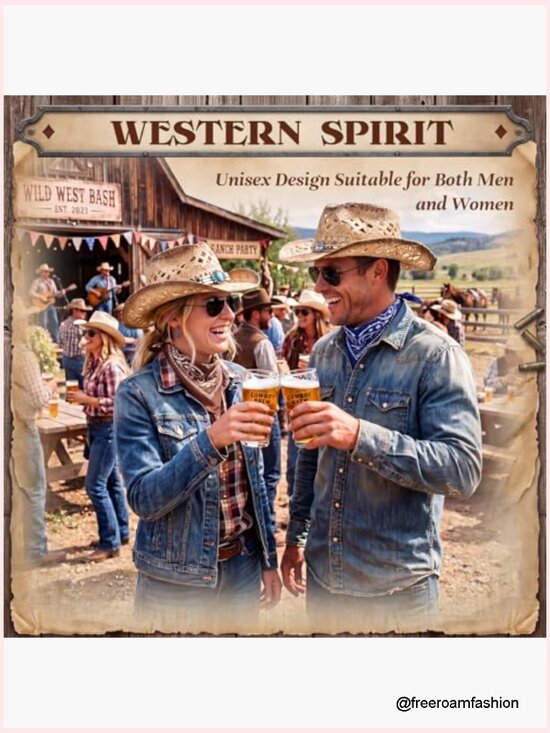 Straw Cowboy Hat Set with 4 Bands 4 Bandanas Sunglasses main image 7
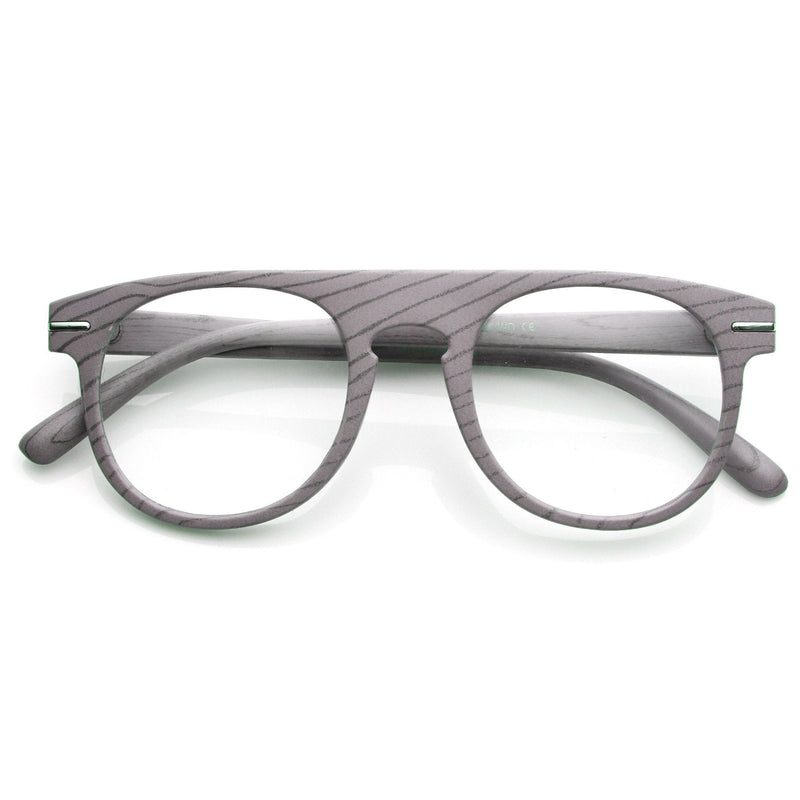 zeroUV Artistic Wood Print Indie Key Hole Flat Top Round Clear Lens Glasses 9152 Glasses White Smoke Light Wood,Grey Wood,Taupe Wood,Blue Wood,Natural Wood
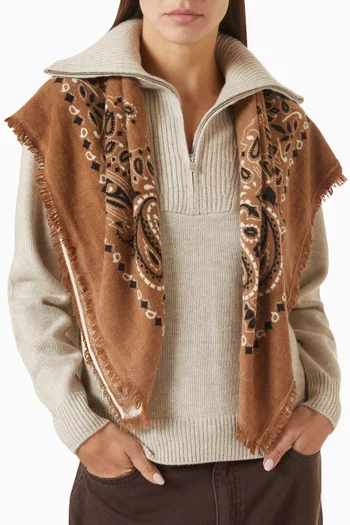 Large Bandana in Printed Cashmere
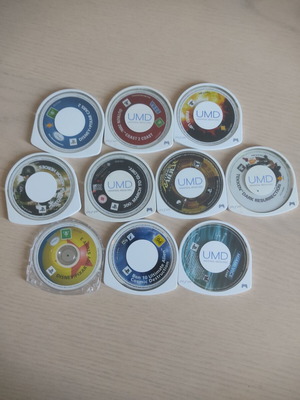 PSP games, pack of 10 discs for Sony PlayStation Portable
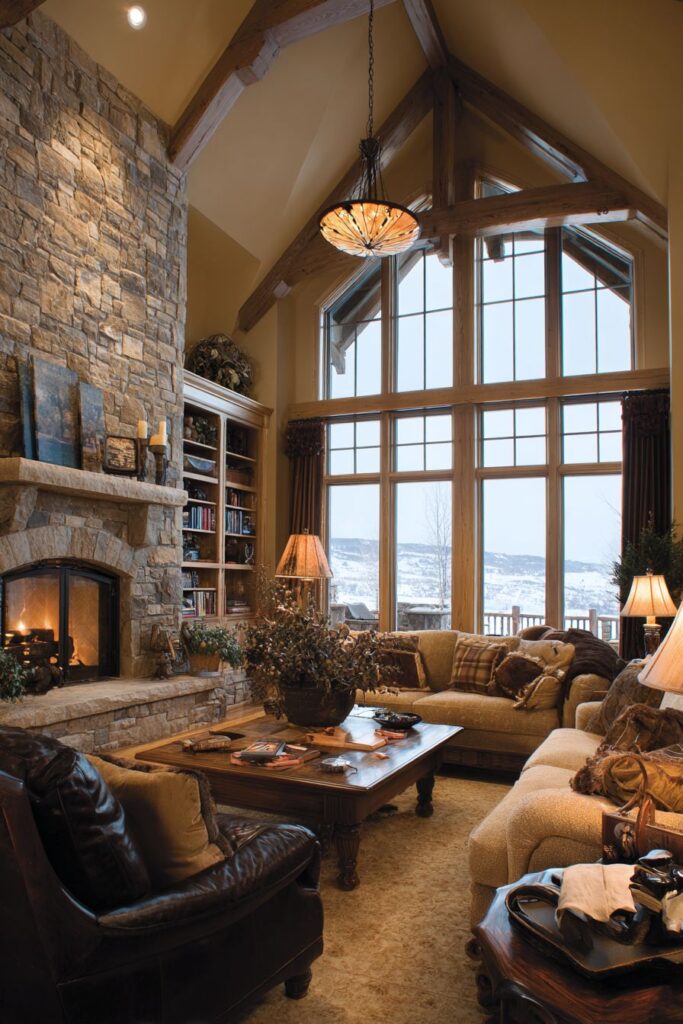 Craftsman Style with Built-In Bookcases and Mission Furniture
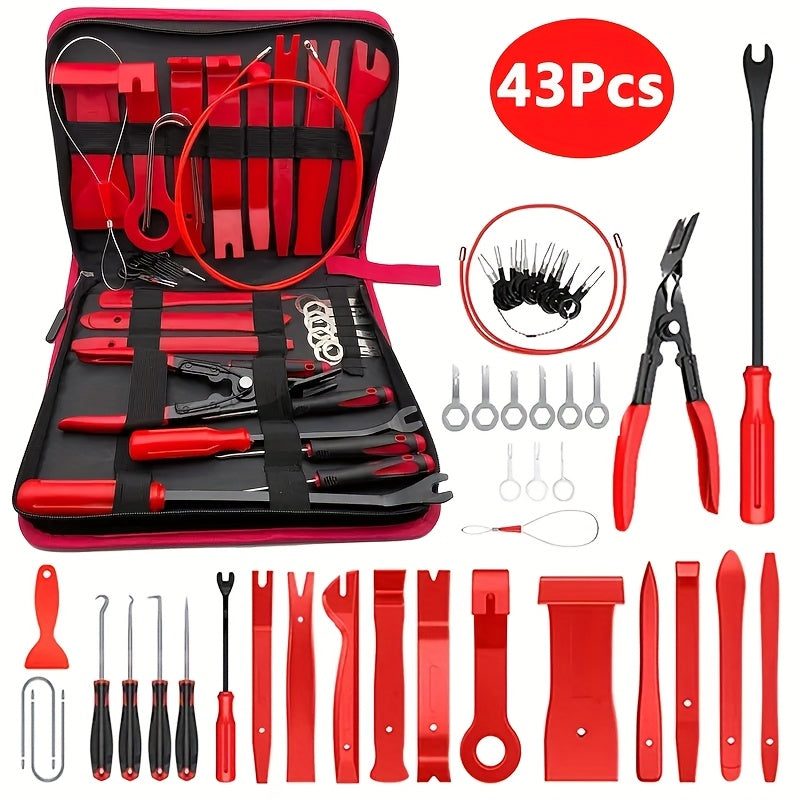 43pcs Set Of Interior Removal Tools, Car Terminal Removal Key Tools, Car Pliers, Audio Removal Tools, Car Interior Repair And Removal Kits, Precision Hook And Pick Sets, Car Film Scrapers, A Good Choice for Daily Use, Birthday Holiday Party Gifts.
__________
Assigned task
Leave out every picture and write out exactly the lines running from the line containing "Large Bandana in Printed Cashmere" to the end of the listing above.

Result
 Large Bandana in Printed Cashmere
 PSP games, pack of 10 discs for Sony PlayStation Portable
 Craftsman Style with Built-In Bookcases and Mission Furniture
 43pcs Set Of Interior Removal Tools, Car Terminal Removal Key Tools, Car Pliers, Audio Removal Tools, Car Interior Repair And Removal Kits, Precision Hook And Pick Sets, Car Film Scrapers, A Good Choice for Daily Use, Birthday Holiday Party Gifts.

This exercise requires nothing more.